One ring to bring them all and in the darkness bind them: The trafficking of heme without deliverers.

机构信息

Department of Animal and Avian Sciences, Department of Cell Biology and Molecular Genetics, University of Maryland, College Park, MD 20740, United States of America.

School of Chemistry and Biochemistry, Parker Petit Institute for Bioengineering and Biosciences, Georgia Institute of Technology, Atlanta, GA 30332, United States of America.

出版信息

Biochim Biophys Acta Mol Cell Res. 2021 Jan;1868(1):118881. doi: 10.1016/j.bbamcr.2020.118881. Epub 2020 Oct 3.

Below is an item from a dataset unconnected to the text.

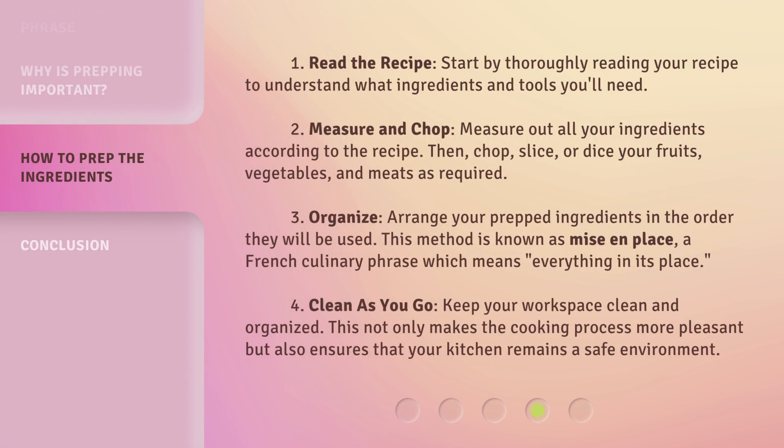Step 1: Read the recipe. Start by thoroughly reading your recipe to understand what ingredients and tools you'll need. Step 2: Measure and chop. Measure out all your ingredients according to the recipe, then chop, slice, or dice your fruits, vegetables, and meats as required.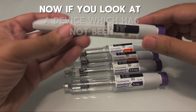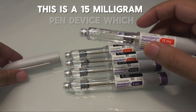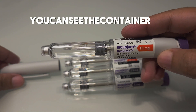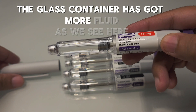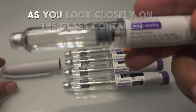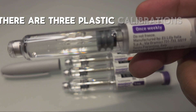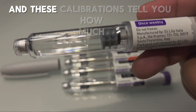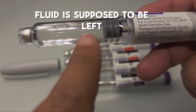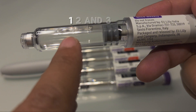If you look at a device which has not been fully consumed — for example, this is a 15 milligram pen device — you can see the glass container has more fluid. Looking closely at the glass container, there are three plastic calibrations, and these calibrations tell you how much fluid is supposed to be left after each dosage. There are three marks: one, two, and three.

DOI:10.1016/j.bbamcr.2020.118881
PMID:33022276
原文链接:https://pmc.ncbi.nlm.nih.gov/articles/PMC7756907/
Abstract

Heme, as a hydrophobic iron-containing organic ring, is lipid soluble and can interact with biological membranes. The very same properties of heme that nature exploits to support life also renders heme potentially cytotoxic. In order to utilize heme, while also mitigating its toxicity, cells are challenged to tightly control the concentration and bioavailability of heme. On the bright side, it is reasonable to envision that, analogous to other transition metals, a combination of membrane-bound transporters, soluble carriers, and chaperones coordinate heme trafficking to subcellular compartments. However, given the dual properties exhibited by heme as a transition metal and lipid, it is compelling to consider the dark side: the potential role of non-proteinaceous biomolecules including lipids and nucleic acids that bind, sequester, and control heme trafficking and bioavailability. The emergence of inter-organellar membrane contact sites, as well as intracellular vesicles derived from various organelles, have raised the prospect that heme can be trafficked through hydrophobic channels. In this review, we aim to focus on heme delivery without deliverers - an alternate paradigm for the regulation of heme homeostasis through chaperone-less pathways for heme trafficking.

摘要

血红素作为一种疏水性含铁有机环,脂溶性,可以与生物膜相互作用。血红素在支持生命方面所利用的性质,也使其具有潜在的细胞毒性。为了利用血红素,同时减轻其毒性,细胞面临着严格控制血红素浓度和生物利用度的挑战。从好的方面来看,可以合理地设想,类似于其他过渡金属,膜结合转运蛋白、可溶性载体和伴侣蛋白的组合可以协调血红素向亚细胞区室的运输。然而,鉴于血红素作为过渡金属和脂质所表现出的双重特性,令人信服的是要考虑到黑暗面:非蛋白生物分子(包括脂质和核酸)的潜在作用,这些分子可以结合、隔离和控制血红素的运输和生物利用度。细胞器间膜接触位点的出现以及各种细胞器衍生的细胞内囊泡,使血红素可以通过疏水性通道运输成为可能。在这篇综述中,我们旨在关注无载体的血红素传递——通过无伴侣蛋白的血红素运输途径来调节血红素动态平衡的替代范例。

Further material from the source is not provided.